The little village of Villiers-le-Roux lies deep in the heart of the Charente region of South West France. As far as the eye can see, vast fields of yellow sunflowers sway in the balmy breeze. At nearby St Fraigne, the climate and soil combine to produce the sweetest Charentais melons. To the south, the gentle slopes are host to the neat rows of vines which produce the world's most celebrated golden spirit, Cognac. Further south and west is Bordeaux, and the endless rows of Cabernet Sauvignon and Merlot vines, which in spite of stiff competition from the 'new world', jealously guards its reputation for making the greatest wine.
Sunday morning. Eight o'clock. It's already twenty three degrees. John decides to go for a last ride before returning to Kent the following day, and certainly before the temperature reaches the predicted thirty-two degrees at midday.
The last house in the village bears a plaque which informs passers-by that one night in the year 1941, the occupants of this house - M et Mme Sabirault and their family - were taken away by the Gestapo. The father and mother died in separate Nazi concentration camps. As John cycled by on this warm July morning in 2010, an elderly man was standing by the front gate. John stopped and told the man how moved he had been when he first saw the plaque several years ago. Was the man by any chance a member of the Sabirault family? Yes, came the reply. "It was my mother and father who were taken".
Every bike ride must have at least one objective, and today's is to find (for future visits) the tiny hamlet of L'Houmelee, where Mme Penigaud raises free range chickens, capons, ducks, and probably much else besides.

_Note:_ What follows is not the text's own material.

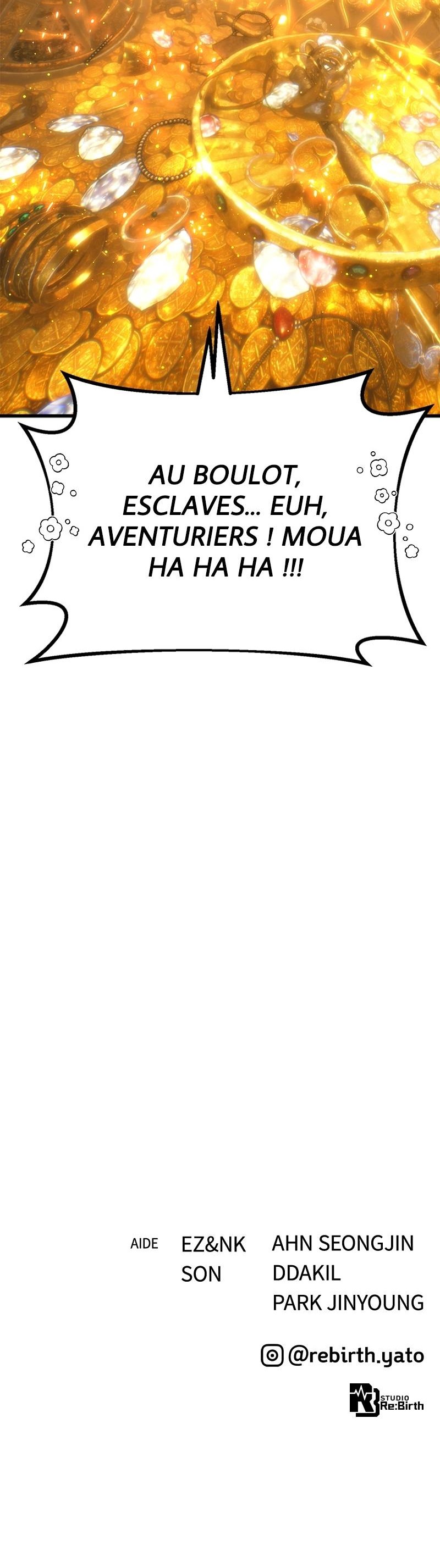 World’s Strongest Troll Chapitre 53 - Page 14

On the outskirts of the pretty village of Pioussay, a man stands admiring his magnificent 'potager'. Not a weed in sight. Just neat rows of luscious looking haricot beans, tomatoes, onions, carrots, beetroot, lettuce, radishes. Would he by any chance know L'Houmelee? Of course he would. Go past the Chateau de Jouhe on your left, and you can't miss it. Chateau? John has discovered a Chateau within 8 miles that he's never come across in twelve years.

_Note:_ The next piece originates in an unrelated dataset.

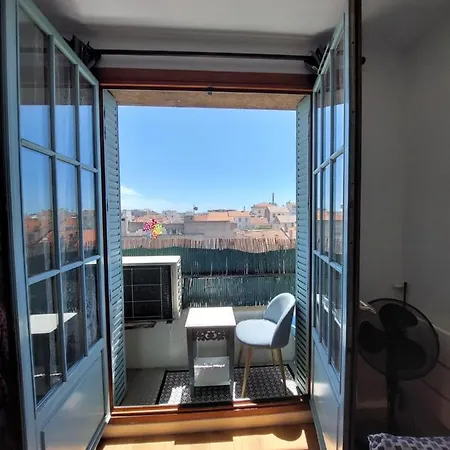 Centre, Super Cosy Near Everything Apartment Cannes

According to green fingers, it is owned and inhabited by an English doctor. On the stone wall by the imposing gates is a plaque which explains that the castle dates from the thirteenth century, with dungeons added in the fifteenth and sixteenth. It is also a classified historic monument, which probably means it can be visited. (Back in Kent, John is delighted to find on the Chateau de Jouhe website that this is indeed the case.)
L'Houmelee is just down the road, and a helpful sign saying "Volaille Fermier" holds out the prospect of several tasty meals in September....
Back to the house in time to help prepare lunch for ten members of Dydiane's family, in the shade!